Tuesday January 17 2012
Vitamin D (which you can get from sunlight) may have helped people's eyesight (just don't stare at the sun)
“More vitamin D a day could keep glasses away,” according to The Independent. The newspaper reported that “boosting vitamin D intake could help to prevent age-related diseases, in particular loss of vision and blindness”. Unfortunately, this article and others have inferred too much from the results of a very small, short-term laboratory study of eye-ageing problems in animals.

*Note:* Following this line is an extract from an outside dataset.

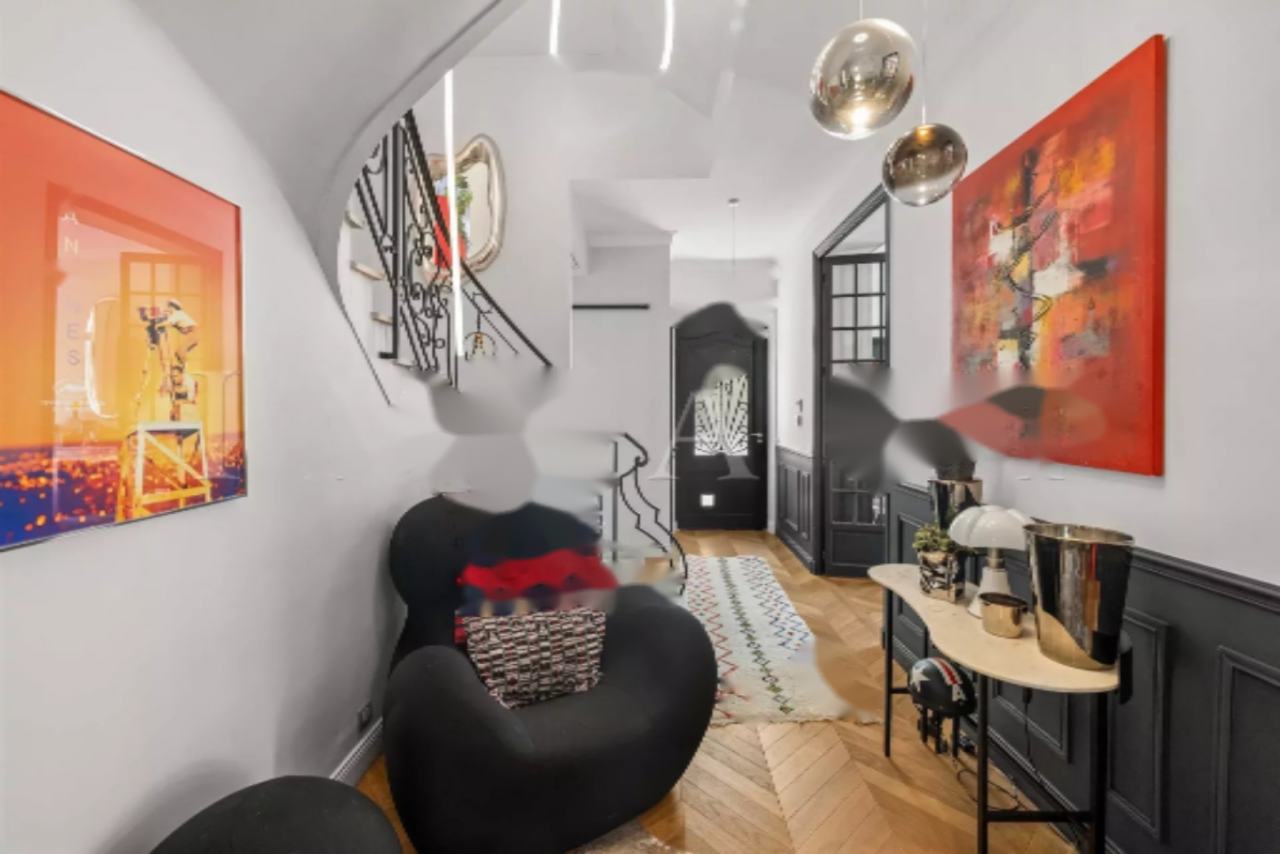 Квартира в Каннах, Франция, 168 м² - фото 3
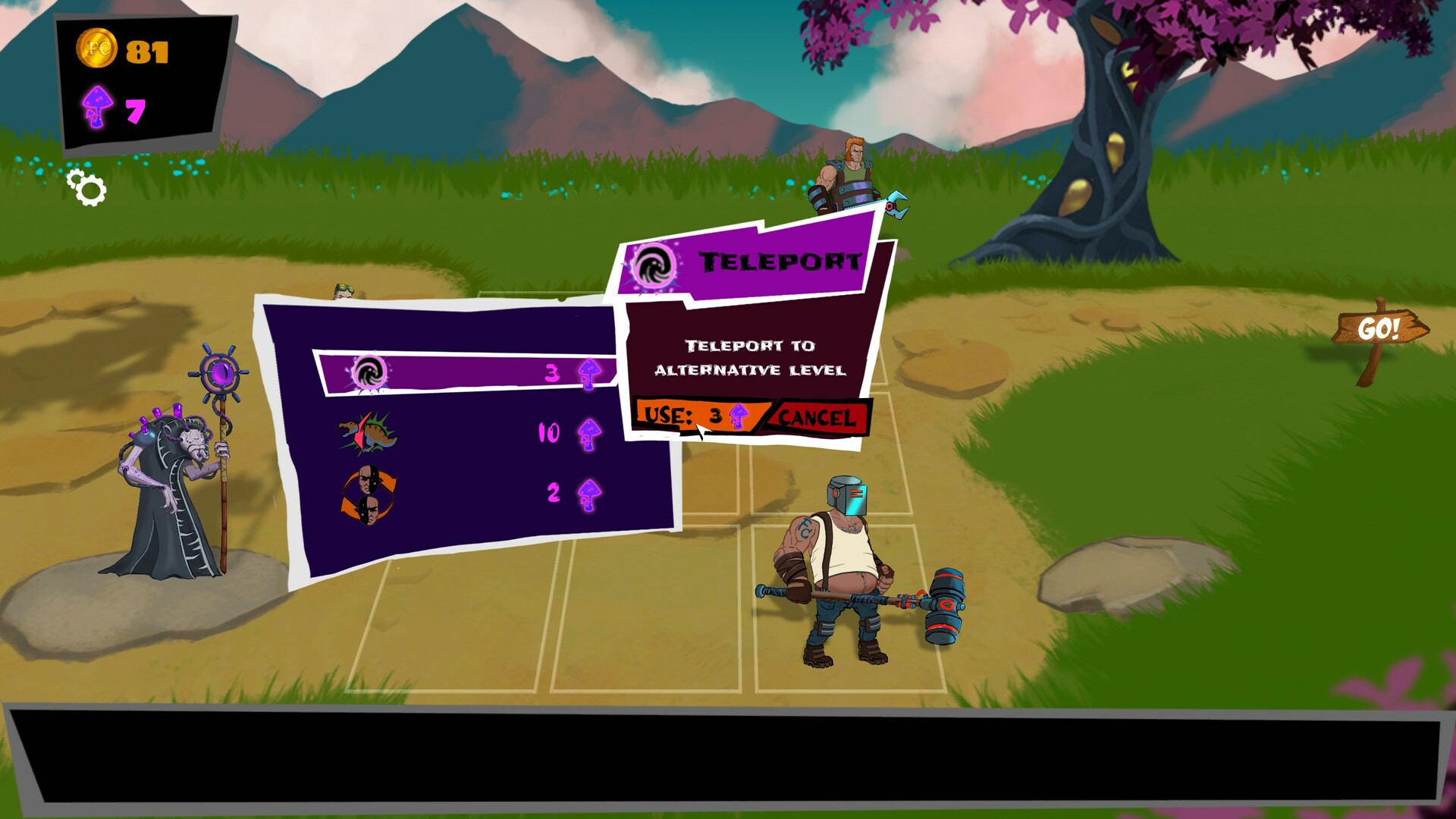 Farmer Charm screenshot 5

This widely reported news story centres on research in which “middle-aged” mice were treated for six weeks with vitamin D. The researchers examined the mice’s vision and looked for signs of inflammation in their eyes and whether proteins associated with normal ageing had built up. The accumulation of these proteins and inflammation can increase the risk of people developing age-related macular degeneration (AMD), a major cause of blindness in people aged over 50 in countries such as the UK. The researchers found that there was less inflammation and build-up of the protein amyloid beta in the retinas of mice treated with vitamin D.

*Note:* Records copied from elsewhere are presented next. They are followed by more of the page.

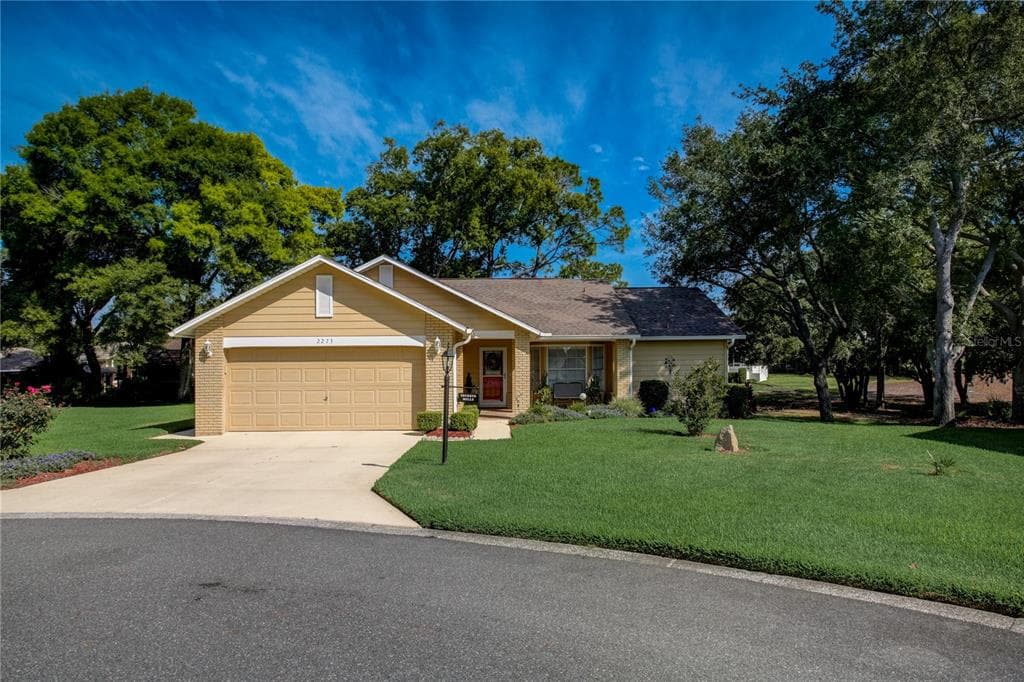 2273 GRANDFATHER MOUNTAIN SPRING HILL, FL 34606
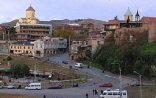 Qonşuda azərbaycandilli məktəb bağlandı, narazılıq yarandı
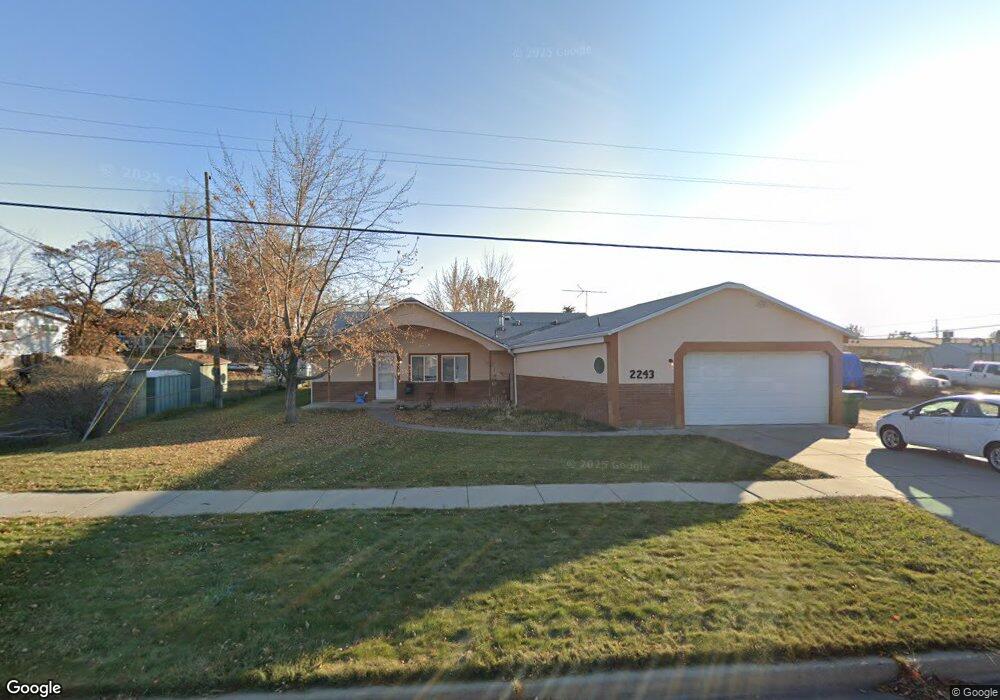 2243 W 5200 S, Roy, UT 84067 - photo 1
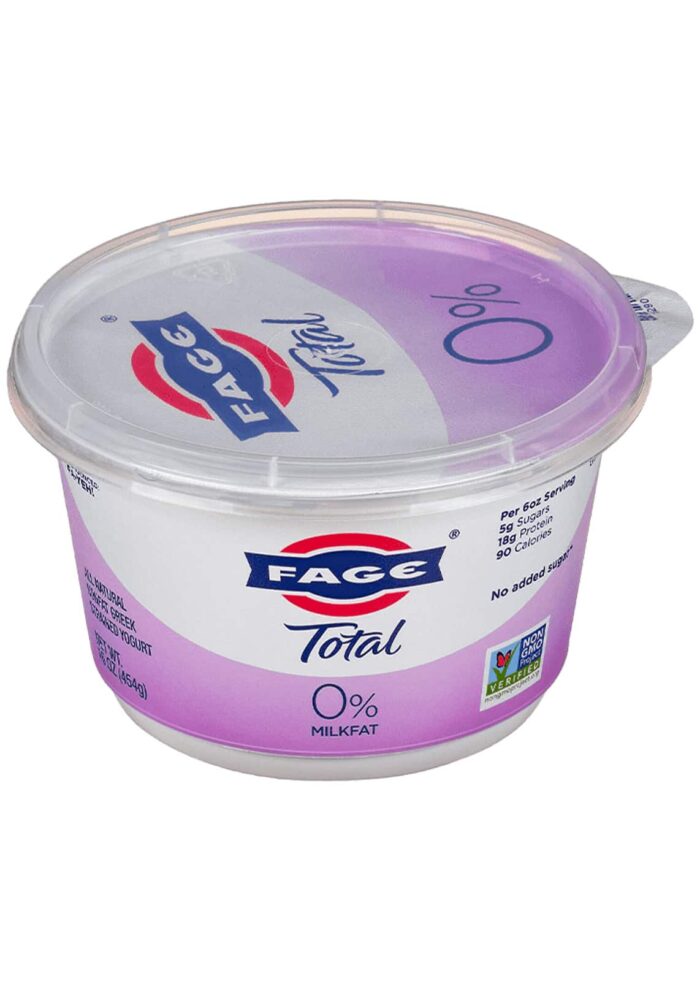 Total FAGE 0% (1 lb)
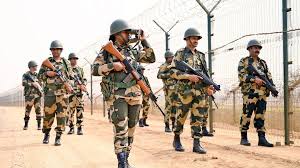 Don’t know whether he is safe or not, bring him home: Family of BSF jawan detained by Pak | The jawan has a 7-yr-old child | Inshorts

However, the researchers did not specifically look at a mouse model of AMD and this study has limited relevance to humans. Therefore, it’s not possible to say, based on the study’s results, whether vitamin D has any effect on age-related vision loss or AMD in humans.
Where did the story come from?
The study was carried out by researchers from University College London and was funded by Biotechnological and Biological Sciences Research Council and the Rosetrees Trust. It was published in the peer-reviewed medical journal The Neurobiology of Aging.

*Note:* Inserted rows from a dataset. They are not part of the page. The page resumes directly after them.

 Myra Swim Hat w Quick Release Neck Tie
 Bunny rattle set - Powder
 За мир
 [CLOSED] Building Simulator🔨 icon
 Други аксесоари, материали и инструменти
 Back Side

All the newspapers reported that this study was carried out in mice. Several included quotes from the researchers as saying that human trials of vitamin D supplementation were needed before it was possible to say whether vitamin D had any beneficial effect on vision and preventing eye disease.
What kind of research was this?
This animal research looked at the effect of six weeks of injections of vitamin D in safflower oil on age-related changes to the eyes of mice. The effects were compared with control mice that received injections of safflower oil only.
The researchers were particularly interested in whether the vitamin D treatment prevented inflammation and the accumulation of proteins, thought to be a cause of age-related macular degeneration in humans. However, the study did not directly assess whether vitamin D prevented age-related macular degeneration (or whatever the mouse equivalent is). As with all animal research, the direct relevance of this research to humans is limited.
What did the research involve?
Seven 12-month-old female mice were injected with vitamin D and safflower oil under their skin every three days for six weeks. A control group was injected with safflower oil only, at the same frequency.
Before treatment, the researchers recorded how well the mice’s eyes responded to visual stimuli by recording the electrical signals made by the retina cells when the mice were exposed to flashing lights.
After the treatment, the researchers dissected the mice’s eyes and stained them for a protein, amyloid beta, which accumulates with ageing. They also stained for a protein called C3d, which is a marker of inflammation. Finally, they counted the number of inflammatory cells (macrophages) in and around the retina and looked at their shape, which showed whether these cells were active or not.
What were the basic results?
After the treatment period there were significant differences in how mice’s retinas responded to stimuli between the control and treated mice.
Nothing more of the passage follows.